17. La cassation des chefs de dispositif condamnant les vendeurs à payer certaines sommes aux propriétaires au titre de leur préjudice de jouissance n'emporte pas celle des chefs de dispositif de l'arrêt les condamnant à leur verser d'autres sommes en application de l'article 700 du code de procédure civile ainsi qu'aux dépens, justifiés par d'autres dispositions de l'arrêt non remises en cause.
Mise hors de cause
18. En application de l'article 625 du code de procédure civile, il n'y a pas lieu de mettre hors de cause le syndicat des copropriétaires, dont la présence est nécessaire devant la cour d'appel de renvoi.

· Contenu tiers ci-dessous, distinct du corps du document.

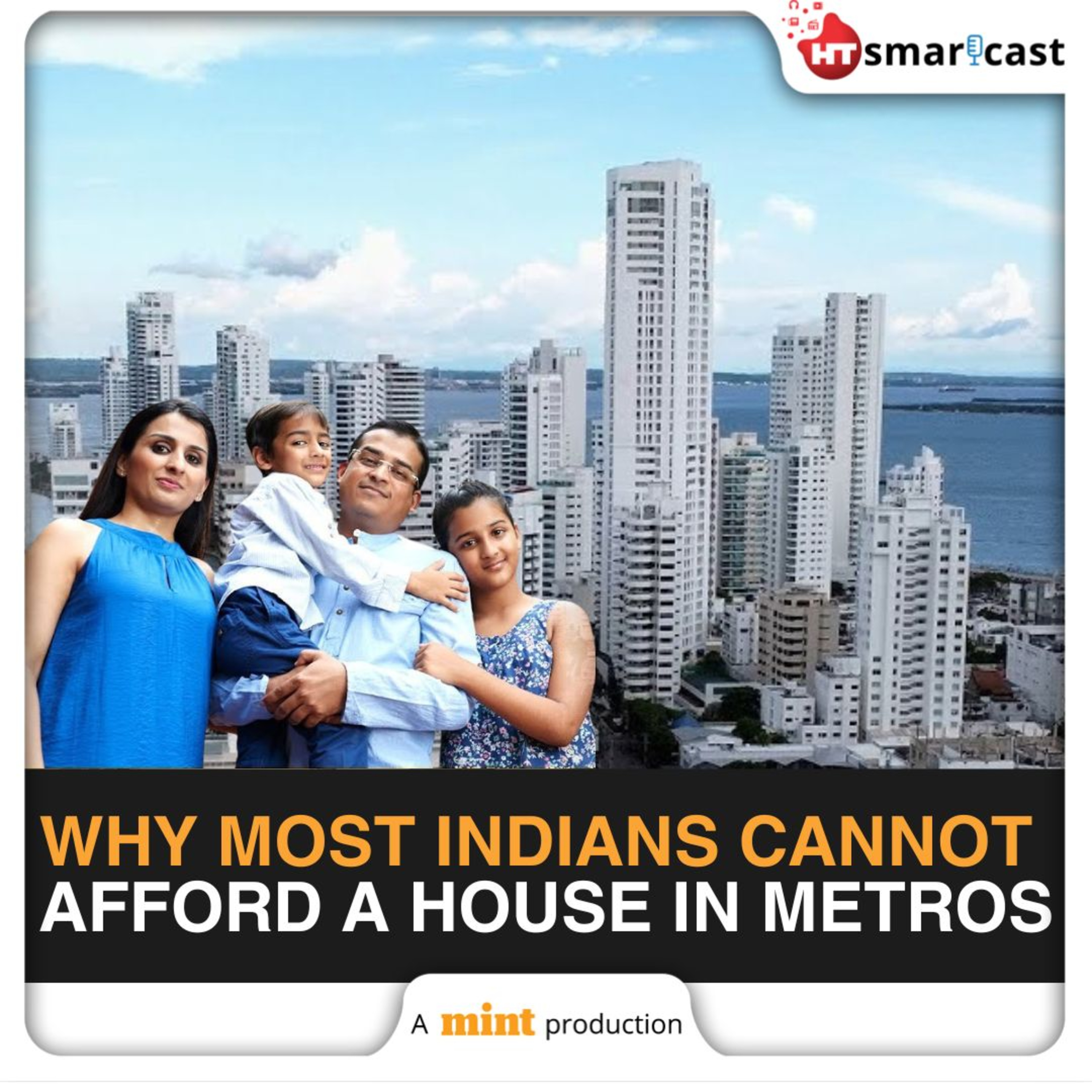 Mint Podcast: What Is Choking Indian Middle Class' Housing Dream? Former National Housing Bank CEO Reveals episode artwork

PAR CES MOTIFS, et sans qu'il y ait lieu de statuer sur les autres griefs, la Cour :
CASSE ET ANNULE, mais seulement en ce qu'il confirme le jugement ayant déclaré M. et Mme [F] irrecevables à agir en nullité de l'assignation du syndicat des copropriétaires de l'immeuble situé [Adresse 8] à [Localité 9] pour défaut d'autorisation à agir en justice du syndic et condamne M. et Mme [F] à payer certaines sommes au syndicat des copropriétaires de l'immeuble situé [Adresse 8] à [Localité 9] au titre des réparations de l'immeuble et en application de l'article 700 du code de procédure civile et à M. et Mme [Y], M. [H], M. [L], M. et Mme [T] au titre de leur préjudice de jouissance, l'arrêt rendu le 6 décembre 2022, entre les parties, par la cour d'appel de Metz ;
Dit n'y avoir lieu de mettre hors de cause le syndicat des copropriétaires de l'immeuble situé [Adresse 8] à [Localité 9] ;
Remet, sur ces points, l'affaire et les parties dans l'état où elles se trouvaient avant cet arrêt et les renvoie devant la cour d'appel de Nancy ;
Condamne M. et Mme [Y], M. [H], M. [L], M. et Mme [T] et le syndicat des copropriétaires de l'immeuble [Adresse 8] à [Localité 9] aux dépens ;
En application de l'article 700 du code de procédure civile, rejette les demandes ;
Dit que sur les diligences du procureur général près la Cour de cassation, le présent arrêt sera transmis pour être transcrit en marge ou à la suite de l'arrêt partiellement cassé ;
Ainsi fait et jugé par la Cour de cassation, troisième chambre civile, et prononcé publiquement le trente avril deux mille vingt-cinq par mise à disposition de l'arrêt au greffe de la Cour, les parties ayant été préalablement avisées dans les conditions prévues au deuxième alinéa de l'article 450 du code de procédure civile.